__Exercise input__
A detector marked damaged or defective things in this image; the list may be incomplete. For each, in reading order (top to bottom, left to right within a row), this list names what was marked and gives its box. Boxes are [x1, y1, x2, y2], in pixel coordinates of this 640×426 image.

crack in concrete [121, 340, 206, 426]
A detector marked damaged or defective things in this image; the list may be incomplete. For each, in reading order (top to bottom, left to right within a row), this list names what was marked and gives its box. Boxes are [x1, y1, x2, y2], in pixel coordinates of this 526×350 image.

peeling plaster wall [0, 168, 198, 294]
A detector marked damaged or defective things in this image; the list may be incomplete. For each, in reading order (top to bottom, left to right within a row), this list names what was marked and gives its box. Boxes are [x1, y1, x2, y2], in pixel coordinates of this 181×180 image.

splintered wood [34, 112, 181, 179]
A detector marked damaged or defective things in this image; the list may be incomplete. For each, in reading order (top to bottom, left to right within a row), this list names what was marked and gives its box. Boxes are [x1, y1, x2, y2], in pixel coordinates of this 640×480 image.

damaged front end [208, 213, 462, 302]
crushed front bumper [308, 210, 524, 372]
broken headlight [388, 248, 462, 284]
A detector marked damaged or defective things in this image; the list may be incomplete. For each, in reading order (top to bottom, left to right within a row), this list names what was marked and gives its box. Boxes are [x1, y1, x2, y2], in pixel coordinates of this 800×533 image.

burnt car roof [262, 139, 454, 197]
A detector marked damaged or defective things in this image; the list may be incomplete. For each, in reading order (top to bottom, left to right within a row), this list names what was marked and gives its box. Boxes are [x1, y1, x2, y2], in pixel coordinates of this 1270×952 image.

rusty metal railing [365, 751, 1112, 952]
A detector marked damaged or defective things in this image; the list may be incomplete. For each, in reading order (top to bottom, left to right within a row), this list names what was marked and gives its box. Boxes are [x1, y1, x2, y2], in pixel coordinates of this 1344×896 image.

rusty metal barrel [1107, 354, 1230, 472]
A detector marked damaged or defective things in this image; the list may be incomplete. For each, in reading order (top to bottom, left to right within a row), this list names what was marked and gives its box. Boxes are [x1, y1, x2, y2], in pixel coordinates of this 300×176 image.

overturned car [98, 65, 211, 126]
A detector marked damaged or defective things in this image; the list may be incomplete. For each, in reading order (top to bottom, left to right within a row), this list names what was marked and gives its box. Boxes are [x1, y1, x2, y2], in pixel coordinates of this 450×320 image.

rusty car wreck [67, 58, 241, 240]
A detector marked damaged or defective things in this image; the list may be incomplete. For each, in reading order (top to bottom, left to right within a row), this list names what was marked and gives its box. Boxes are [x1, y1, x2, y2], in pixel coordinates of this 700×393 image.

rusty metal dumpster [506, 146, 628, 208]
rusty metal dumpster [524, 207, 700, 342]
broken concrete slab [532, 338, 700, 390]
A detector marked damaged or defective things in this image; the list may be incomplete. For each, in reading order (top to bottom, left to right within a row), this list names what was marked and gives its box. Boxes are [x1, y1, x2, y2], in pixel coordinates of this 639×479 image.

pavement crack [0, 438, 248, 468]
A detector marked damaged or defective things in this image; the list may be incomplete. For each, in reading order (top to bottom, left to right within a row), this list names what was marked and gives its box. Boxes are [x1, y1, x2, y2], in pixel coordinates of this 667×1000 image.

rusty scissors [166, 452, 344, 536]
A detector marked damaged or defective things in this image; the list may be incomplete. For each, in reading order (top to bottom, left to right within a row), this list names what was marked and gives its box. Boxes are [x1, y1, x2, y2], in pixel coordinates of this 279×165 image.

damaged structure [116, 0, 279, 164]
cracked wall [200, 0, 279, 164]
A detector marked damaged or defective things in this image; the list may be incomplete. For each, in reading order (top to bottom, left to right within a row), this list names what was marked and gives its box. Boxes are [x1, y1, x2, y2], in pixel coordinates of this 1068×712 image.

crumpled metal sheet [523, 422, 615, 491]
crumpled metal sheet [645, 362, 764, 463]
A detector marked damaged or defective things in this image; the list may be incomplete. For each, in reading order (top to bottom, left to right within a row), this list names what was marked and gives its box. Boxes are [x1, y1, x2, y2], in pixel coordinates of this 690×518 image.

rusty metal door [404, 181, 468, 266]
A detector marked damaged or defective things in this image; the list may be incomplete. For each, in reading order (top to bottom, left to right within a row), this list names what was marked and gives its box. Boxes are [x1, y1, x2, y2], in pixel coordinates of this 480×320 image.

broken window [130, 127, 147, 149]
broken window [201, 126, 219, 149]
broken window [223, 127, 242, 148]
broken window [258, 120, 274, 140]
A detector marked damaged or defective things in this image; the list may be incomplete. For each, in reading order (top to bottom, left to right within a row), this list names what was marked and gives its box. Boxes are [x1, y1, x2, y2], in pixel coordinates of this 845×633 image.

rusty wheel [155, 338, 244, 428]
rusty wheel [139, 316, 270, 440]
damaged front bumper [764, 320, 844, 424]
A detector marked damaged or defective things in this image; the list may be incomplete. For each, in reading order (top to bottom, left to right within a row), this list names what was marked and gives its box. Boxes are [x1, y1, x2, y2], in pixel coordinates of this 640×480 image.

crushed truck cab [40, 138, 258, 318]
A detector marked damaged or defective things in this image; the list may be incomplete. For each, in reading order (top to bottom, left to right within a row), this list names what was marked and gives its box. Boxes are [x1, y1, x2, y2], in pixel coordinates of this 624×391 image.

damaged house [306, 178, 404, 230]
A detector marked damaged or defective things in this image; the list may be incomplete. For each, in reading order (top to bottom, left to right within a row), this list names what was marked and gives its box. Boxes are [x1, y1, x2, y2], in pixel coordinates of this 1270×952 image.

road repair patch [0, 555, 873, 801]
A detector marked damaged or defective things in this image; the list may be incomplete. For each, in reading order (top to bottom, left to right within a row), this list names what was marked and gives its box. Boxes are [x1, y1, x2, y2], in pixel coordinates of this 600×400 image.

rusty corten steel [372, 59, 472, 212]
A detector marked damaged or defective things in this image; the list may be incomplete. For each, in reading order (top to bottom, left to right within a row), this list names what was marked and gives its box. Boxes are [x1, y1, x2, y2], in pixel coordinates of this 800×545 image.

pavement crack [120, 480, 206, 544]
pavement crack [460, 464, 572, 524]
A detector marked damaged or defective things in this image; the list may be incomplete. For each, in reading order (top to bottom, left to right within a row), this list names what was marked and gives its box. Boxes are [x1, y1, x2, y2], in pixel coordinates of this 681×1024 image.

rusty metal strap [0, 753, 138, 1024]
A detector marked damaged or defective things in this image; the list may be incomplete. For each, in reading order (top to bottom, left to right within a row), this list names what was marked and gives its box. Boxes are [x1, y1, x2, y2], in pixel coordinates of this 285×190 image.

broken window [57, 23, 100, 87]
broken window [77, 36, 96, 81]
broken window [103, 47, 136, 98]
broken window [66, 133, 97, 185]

__Exercise prompt__
Your output should be the lines from the one with "this 285×190 image." through the end of the records above, copied exactly.

__Final answer__
A detector marked damaged or defective things in this image; the list may be incomplete. For each, in reading order (top to bottom, left to right within a row), this list names what was marked and gives its box. Boxes are [x1, y1, x2, y2], in pixel coordinates of this 285×190 image.

broken window [57, 23, 100, 87]
broken window [77, 36, 96, 81]
broken window [103, 47, 136, 98]
broken window [66, 133, 97, 185]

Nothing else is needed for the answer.